What do we have here? well, i suppose the headline gave it away...can you find it?
Here it is the right way up in an earlier photo. All shots taken in Fanling at the HK golf course butterfly garden.
this photo was taken in November last year, when I was lucky enough to capture the following in a photograph.
Here a large female is laying her eggs, enclosing them in a foamy pouch called an ootheca or egg sack.
When the female produces the ootheca it is soft, and in this case blue....but very quickly it will dry to become firm and quite tough, and in most cases brown. The ootheca protects the eggs until they hatch. Every species of mantis has a different colour, size and shape of ootheca. Our species in Hong Kong can have hundreds of mantis eggs inside just one egg sack. Here below a flower mantis has just laid her eggs, in a long line on some bamboo.
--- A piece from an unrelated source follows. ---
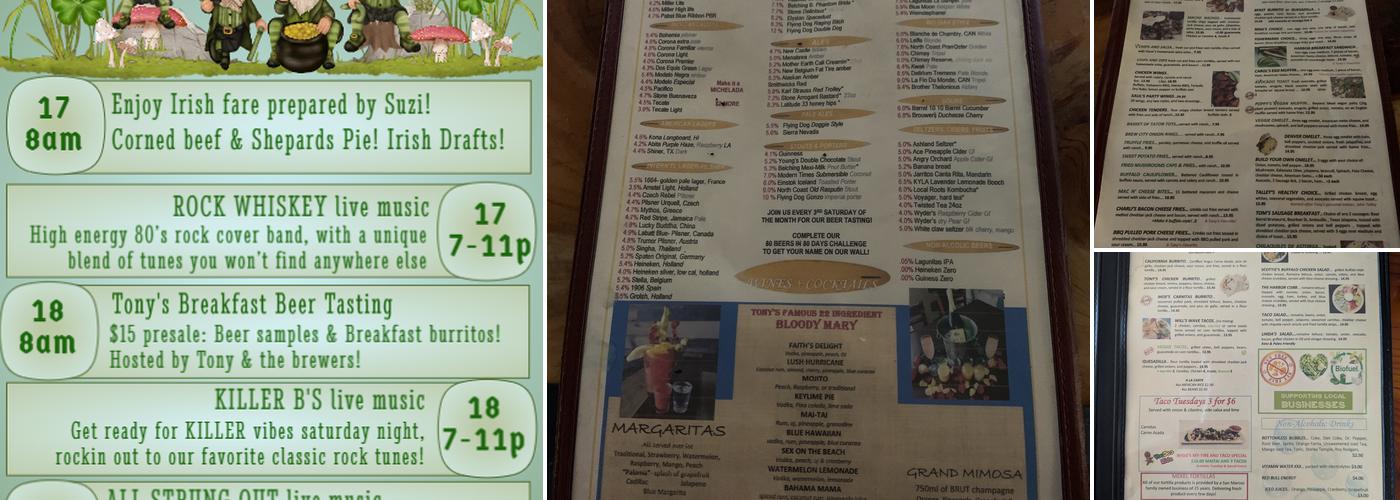 Tony's Sports Bar and Grill Menu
it is a wonderful experience to watch the many, many tiny little hatchlings emerge and then disperse, so tiny and fragile.
Because we live in a temperate zone, many of the insects in Hong Kong will not live or be active through the winter, and most will begin to disappear when the temperatures fall below 15-18degrees (although some will reappear on hot sunny days).
Our species of mantis need a diapause, (tropical species do not). A diapause is a pause in development in winter, making it possible for the mantis to produce its eggs in fall and have the nymphs hatch in spring. Low temperature will arrest the development of the ootheca.
So the females will lay the ootheca in fall, after which all adult mantises die. The eggs inside the ootheca will rest until spring, when the nymphs will hatch and grow up to repeat the cycle.